Machine Learning: The Future Of Data Insights. The Time To Start Is Now (Part 2 of 2)

· 12 min read
Amazon Web Services
Amazon Web Services

In the first part of this article, we discussed four new data analytics capabilities powered by ML and NLP technologies that large and small companies can use to enhance their ability to generate data insights. In this second part, we'll introduce a couple of powerful yet affordable new tools offering these capabilities and an agile approach that any company can adopt to quickly start leveraging modern BI and ML technologies to enhance decision-making and business performance.

Amazon QuickSight: best ML-powered BI tool

Amazon QuickSight is a scalable, serverless, embeddable, machine learning-powered business intelligence (BI) service built for the cloud. QuickSight lets large and small companies easily create and publish interactive BI dashboards that include ML-powered insights. These dashboards can be accessed from any device, and seamlessly embedded into applications, portals, and websites.

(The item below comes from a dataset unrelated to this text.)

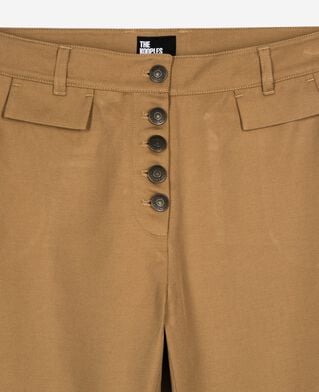 The Kooples F BEIGE flare pants in beige cotton and linen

QuickSight is serverless (i.e., does not require its users to provision their own servers) and can automatically scale to tens of thousands of users, without any infrastructure to manage or capacity to plan for. It is also the first BI service to offer pay-per-session pricing, where customers only pay when their users access their dashboards or reports, making it very cost-effective for both large and small scale deployments.

Revenue dashboard

With QuickSight, business users can also ask questions regarding their data in plain language and receive answers in seconds.

Another important feature of this tool is SPICE (super-fast, parallel, in-memory, calculation engine). With SPICE, users can experience blazing fast performance at scale. SPICE automatically replicates data for high availability allowing thousands of users to simultaneously perform fast, interactive analysis, saving time and resources.

QuickSight also provide the maximum level of security with state-of-the-art encryption for both in transit and at rest data.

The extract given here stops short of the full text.